AIM OF THE EXERCISE: Copy exactly the stretch of lines from the one holding "Алгоритм моделирования задачи." through the last line of the data below, inclusive. Leave out pictures.

DATASET CONTENT:
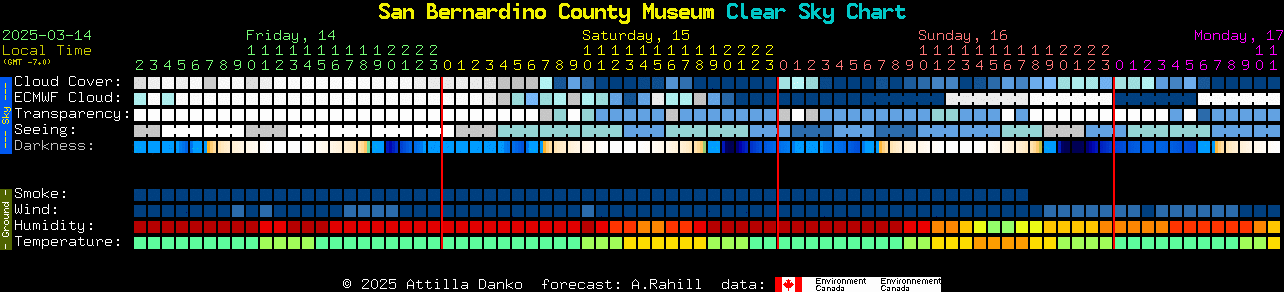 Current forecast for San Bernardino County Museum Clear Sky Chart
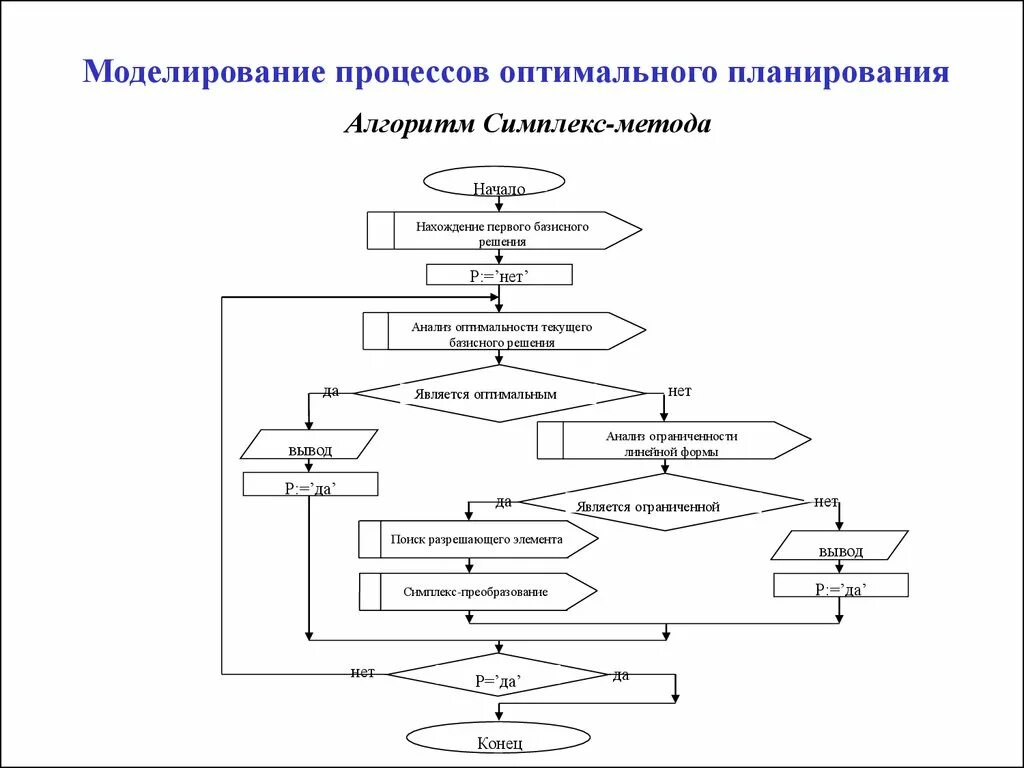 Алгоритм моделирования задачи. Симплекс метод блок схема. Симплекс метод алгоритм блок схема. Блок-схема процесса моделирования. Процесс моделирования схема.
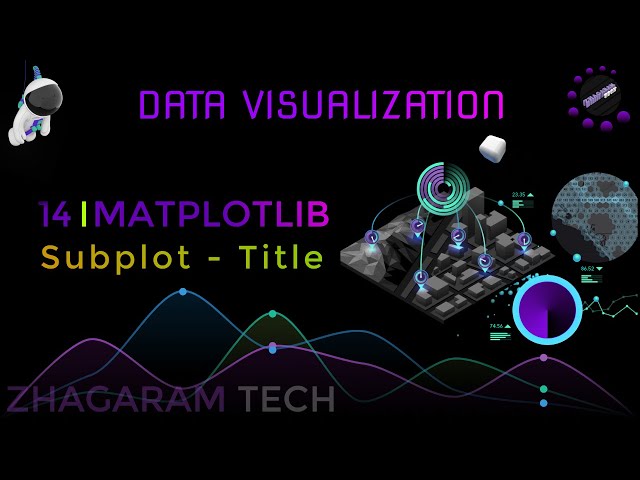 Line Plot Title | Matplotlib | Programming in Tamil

SOLVED EXERCISE:
 Алгоритм моделирования задачи. Симплекс метод блок схема. Симплекс метод алгоритм блок схема. Блок-схема процесса моделирования. Процесс моделирования схема.
 Line Plot Title | Matplotlib | Programming in Tamil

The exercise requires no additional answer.